What does the Deferred Sales Trust Process look like?
A Deferred Sales Trust arrangement is described in IRC 453. The process of using a Deferred Sales Trust begins with a property owner transferring an asset to a trust that is managed by a third party on the property owner’s behalf (third-party cannot be the original owner, nor a family member). The third party, let's call them the trustee, sells the asset agrees to pay you from the proceeds (or interest from the proceeds) over multiple future installments.
On the day of the sale, the original property owner would not receive any payment, there is no income produced, there is no capital gains incurred. Instead, the trust holds the wealth, and the trustee would pay installments previously agreed upon.
Why use a Deferred Sales Trust?
The Original Owner would not be profiting immediately from the sale made with a Deferred Sales Trust. Then, why does it exist? Why would people ever use it? Why would paying taxes in the future be better than paying taxes in the present?

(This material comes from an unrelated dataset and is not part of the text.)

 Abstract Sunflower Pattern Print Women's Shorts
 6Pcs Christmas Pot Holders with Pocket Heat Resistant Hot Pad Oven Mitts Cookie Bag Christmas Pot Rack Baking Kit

The Deferred Sales Trust can effectively use “pre-tax” money to invest in other assets, such as stocks, bonds, mutual funds, ETFs, and real estate. The income generated from pre-tax money would be higher than from post-tax money. Essentially, the trust can be used as an alternative wealth generator that can lessen or defer the tax burden today by spreading the capital gains over an extended period of time.
For instance, if you bought a rental property for $100,000 and sold the property for $300,000. The capital gains would be $200,000 and a possible tax liability would be $56,000. If the Trust was created to:
- Pay out $30k each year until depleted
- Invest the trust funds into one stock (and that stock does very well)
The trust fund could continue for 10 years. If the Stock doubles in price, the fund can continue for 20 years. If the stock triples in price, the fund can live for 30 years.
A Deferred Sales Trust is an Estate Option that can liquidate previously-tied-up assets, making it possible to access wealth and defer taxes now to generate a larger income stream over a desired period of time.